Exercise requirements: Pictures are to be left out. Copy exactly, and only, the lines from the start of the entries below to the line with "105 Monet Boulevard Winchester KY 40391", both included.

START Source material

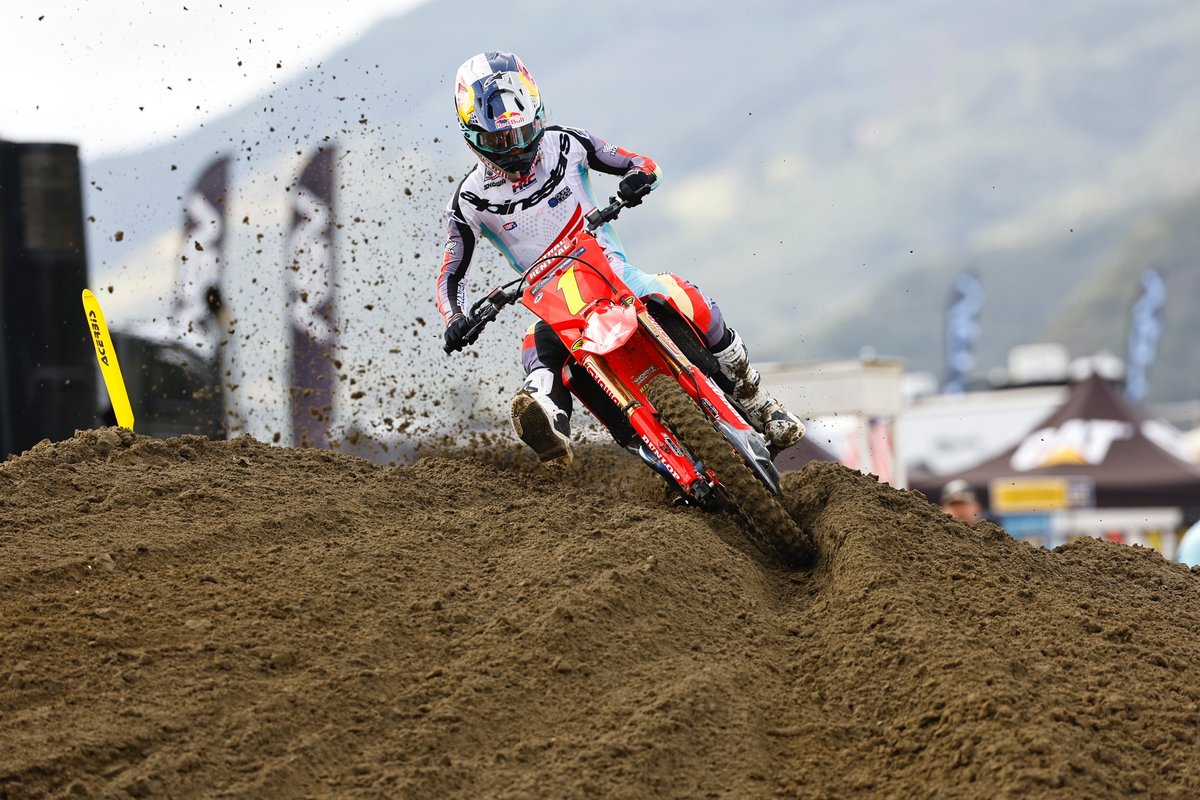 RMFantasySX's tweet photo. Here are your top 5 qualifiers in Pala.
1. Jett Lawrence
2. Chase Sexton
3. Hunter Lawrence
4. Dylan Ferrandis
5. Justin Cooper
#motocross #rmfantasymx https://t.co/kOHFv3ClWx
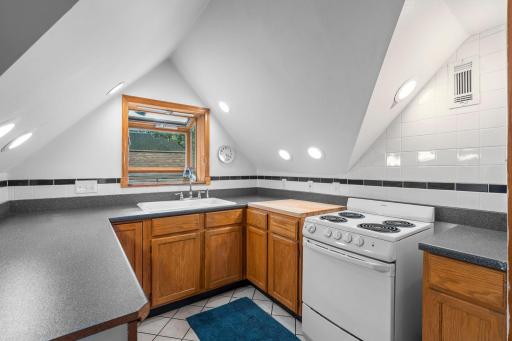 103-web-or-mls-1200 Laurel Ave-637.jpg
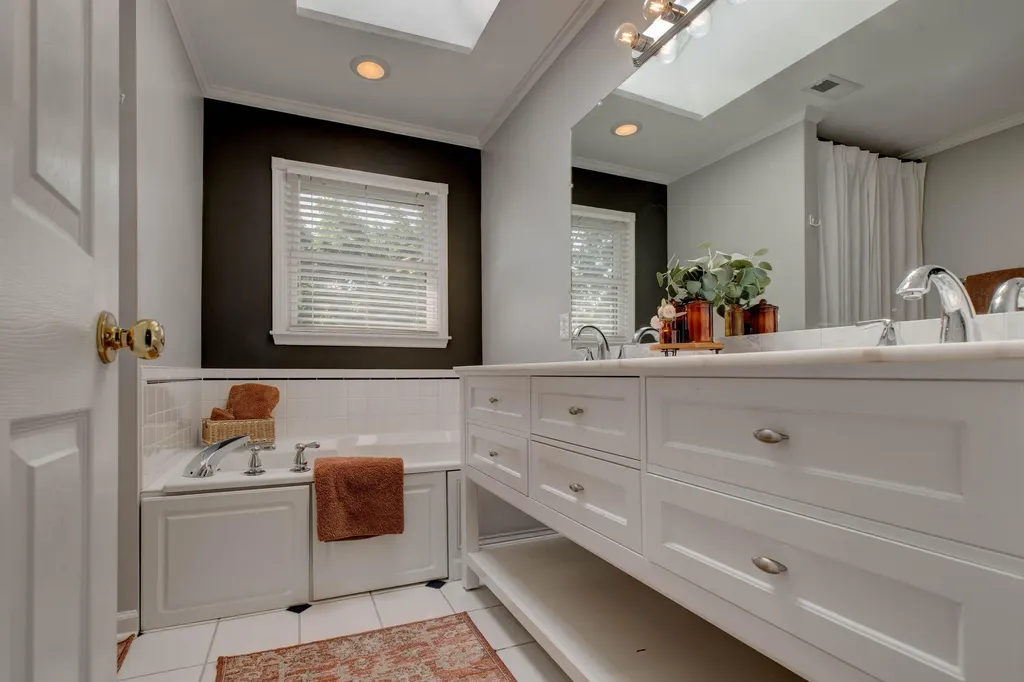 105 Monet Boulevard Winchester KY 40391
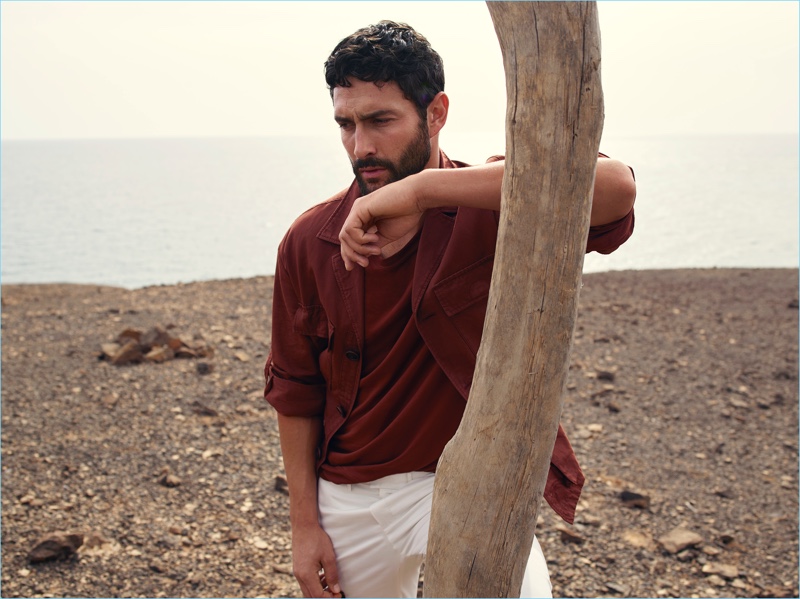 Model Noah Mills fronts Mango Man's spring-summer 2018 campaign.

END Source material

Your solution:
 RMFantasySX's tweet photo. Here are your top 5 qualifiers in Pala.
1. Jett Lawrence
2. Chase Sexton
3. Hunter Lawrence
4. Dylan Ferrandis
5. Justin Cooper
#motocross #rmfantasymx https://t.co/kOHFv3ClWx
 103-web-or-mls-1200 Laurel Ave-637.jpg
 105 Monet Boulevard Winchester KY 40391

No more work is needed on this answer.